La Cucina Italian Eatery has a bistro vibe combined with fine dining service. I imagine it would be perfect for a business lunch, with salads, sandwiches, pizza and pasta. But it’s also a very welcoming environment for a family dinner, including a kids’ menu.
While deciding on entrees, we were served a couple of loaves of warm, herbed bread, with a mix of olive oil and balsamic vinegar for dipping. I followed this with a shared bottle of chianti ($24), a cup of portabella mushroom cream soup ($4), and a few orders of sautéed provolone ($9, three pieces each). The flavor of the completely puréed soup was good, but I was disappointed with its lack of discernible 'shrooms. Our appetizer featured large, thick slices of cheese—fried crispy in butter, garlic and white wine—topped with a sauté of sun-dried tomato and pine nuts. It was an excellent pairing with the light, fruity vino.

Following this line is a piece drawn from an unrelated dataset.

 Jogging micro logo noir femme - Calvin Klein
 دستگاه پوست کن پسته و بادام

A plate of porcini and truffle ravioli ($16) included a mushroom demi-glace cream sauce and the mushroom chunks I'd hoped to find in the soup. There was just a hint of truffle, which amplified the porcini with great effect. As a dedicated fungi fan, I had to restrain the desire to sample more of my daughter-in-law's meal than necessary.

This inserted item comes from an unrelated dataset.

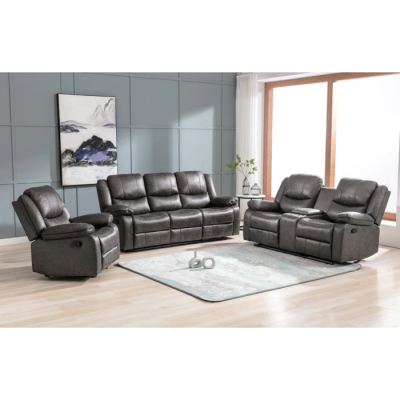 Sofa inclinable Everett 99849GRY (Gris)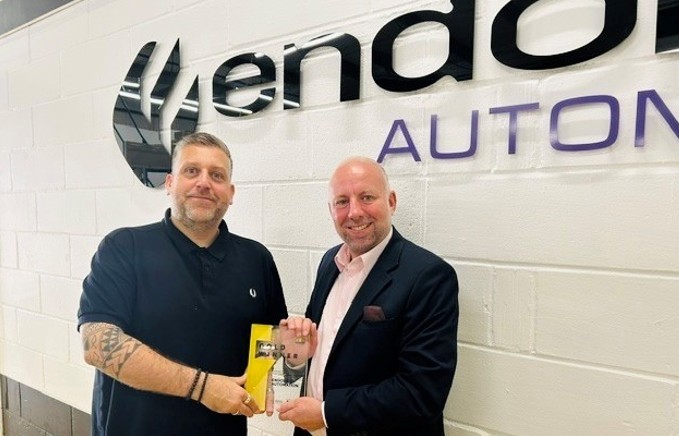 Endoline Automation wins Exporter of the Year Gold and reaches National Finals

My daughter ordered off-menu with a nest of angel hair alfredo ($15), while her boyfriend tried his first-ever bowl of spaghetti à la bolognese with meatballs ($15.50). The butter, cream and Parmesan alfredo sauce was very smooth, holding onto the capellini noodles better than expected. A good meat ragu is one of my favorite things, with a well seasoned, tender meatball a close second. Though the pasta was a bit beyond al dente, it was a pretty good example for one's first experience with this classic Italian dish.
My son and I ordered from the menu of house specialties, each served with angel hair in marinara and perfectly cooked, fresh green beans. The marinara was a little under seasoned, but we agreed that the veg side almost upstaged the entrees. His Parmesan crusted calamari steaks ($20) were tender, but the crunchy cheese crust was a little overwhelming, even to my cheese-loving self. It was tempered a bit with a squeeze of lemon, but it will be a while before we'll want Parmesan again.

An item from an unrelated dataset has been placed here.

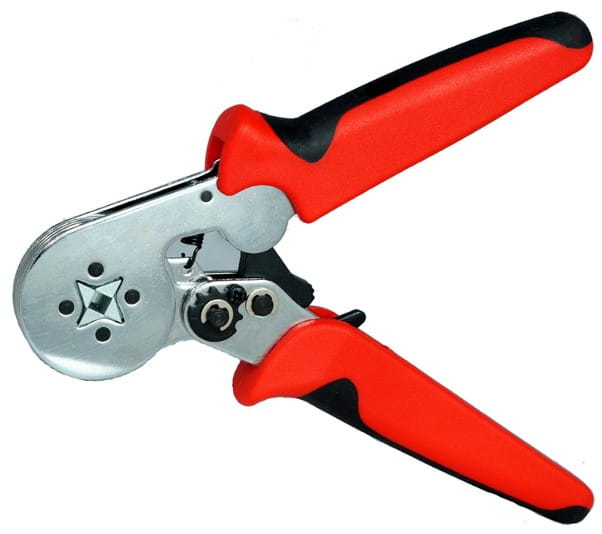 Kliješta za krimpanje stopica i tuljaka 0,25 - 10 mm² KD10256 - Slika 5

There are plenty of delicacies on the menu to choose from, yet I ended up ordering the same thing as on my previous Italian food review. I guess there's just something about veal piccata ($23) that catches my eye, and this combination of veal medallions sautéed with butter, lemon and capers was pretty spot-on. It was tender to the fork, with the salty-sour bite that lures me in.
My baby grandson enjoyed everything, particularly the fried cheese appetizer and meatballs. The growling, near-feral noises he makes while masticating make me smile. His older brother enjoyed Papa's Sketty ($6), a kid's portion of spaghetti with marinara and one meatball. But he was more entranced with our shared dessert of tiramisu ($6.50), ladyfinger cookies dipped in espresso and brandy, layered with a mascarpone mousse, topped with cocoa powder and shavings of dark chocolate. I had to fend him off to get a sample of the chocolate, and we hadn't thought about the brandy issue until he'd already enjoyed more than one bite. Oops. His dad reported, “It's likely unrelated, but the boy slept like a rock.” It was probably just the carb load. Probably.